La publicité est un consumérisme
La pub façonne notre perception de la réalité et a un impact considérable sur notre environnement. Chaque année, dans un monde de publicités omniprésentes, les dépenses marketing grimpent. Les appels à une transformation s’opposent à notre propre dépendance, sociétale et peut-être même mentale.
En 1974 déjà, on questionnait au cours d'un colloque féministe : « Publicité : information, ou aliénation ? » (Le Monde, 8/01/74). Deux camps s'opposaient. Claude Marcus, directeur général de Publicis dans le premier, prétendait que « L'aliénation, cela n'existe pas, qu'il n'y a pas de "besoins inutiles" créés par la publicité, chacun étant assez grand pour connaître ses besoins » L'autre, qui comptait notamment France Govaerts, professeur de sociologie, analysait la publicité comme un « agent de reproduction du système. » pour l'ensemble des relations économiques et sociales.
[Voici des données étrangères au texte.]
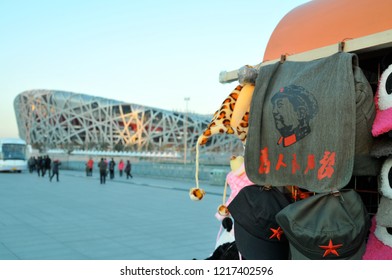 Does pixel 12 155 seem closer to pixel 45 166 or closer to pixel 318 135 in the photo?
pixel 45 166

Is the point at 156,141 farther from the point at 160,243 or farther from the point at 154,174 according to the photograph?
the point at 160,243

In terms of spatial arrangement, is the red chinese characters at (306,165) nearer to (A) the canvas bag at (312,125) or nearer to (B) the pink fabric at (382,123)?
(A) the canvas bag at (312,125)

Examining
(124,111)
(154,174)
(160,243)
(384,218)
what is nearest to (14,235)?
(160,243)

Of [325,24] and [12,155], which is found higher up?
[325,24]

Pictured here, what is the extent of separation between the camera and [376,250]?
1887mm

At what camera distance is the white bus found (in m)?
28.2

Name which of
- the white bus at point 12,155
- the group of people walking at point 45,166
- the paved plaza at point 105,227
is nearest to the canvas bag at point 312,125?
the paved plaza at point 105,227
Depuis, les dépenses publicitaires mondiales augmentent chaque année (727,9 milliards de dollars en prévision pour 2023 – dentsu.com), les réglementations sur le tabac n'ont en rien ruiné les fabricants, Patrick Le Lay (TF1), a avoué : « Ce que nous vendons à Coca-Cola, c'est du temps de cerveau humain disponible », les annonces google ou Facebook sont accessibles à n'importe qui, au Mexique les habitants boivent plus de sodas que d'eau, les publicitaires se sont mis au Neuromarketing, l'affaire Cambridge Analytica a influencé 87 millions de personnes (et fit sans doute élire Trump), etc.
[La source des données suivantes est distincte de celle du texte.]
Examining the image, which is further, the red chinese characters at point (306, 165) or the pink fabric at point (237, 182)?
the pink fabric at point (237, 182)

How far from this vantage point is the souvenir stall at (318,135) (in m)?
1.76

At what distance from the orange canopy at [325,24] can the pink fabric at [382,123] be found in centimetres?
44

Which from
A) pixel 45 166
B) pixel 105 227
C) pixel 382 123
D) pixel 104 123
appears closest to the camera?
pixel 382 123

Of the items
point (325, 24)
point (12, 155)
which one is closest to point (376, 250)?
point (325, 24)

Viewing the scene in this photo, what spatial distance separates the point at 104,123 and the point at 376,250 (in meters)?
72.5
Dire que la publicité influence et crée des besoins inutiles ne choque plus personne. Omniprésente, elle façonne nos désirs, nos comportements et notre perception de la réalité. Mais quel est l'impact sur les individus et la société qu'ils construisent ? Sommes-nous encore nous-mêmes ? Est-ce de l'aliénation ?
En incitant à la consommation, la publicité contribue à la dégradation écologique. « L'industrie publicitaire a une empreinte carbone directe, mais contribue également au changement climatique en stimulant une croissance économique non durable, en promouvant un consumérisme nuisible au climat, et en "greenwashant" des produits polluants et des entreprises. » lit-on dans une étude de l'International Journal of Advertising (n°42, 2023)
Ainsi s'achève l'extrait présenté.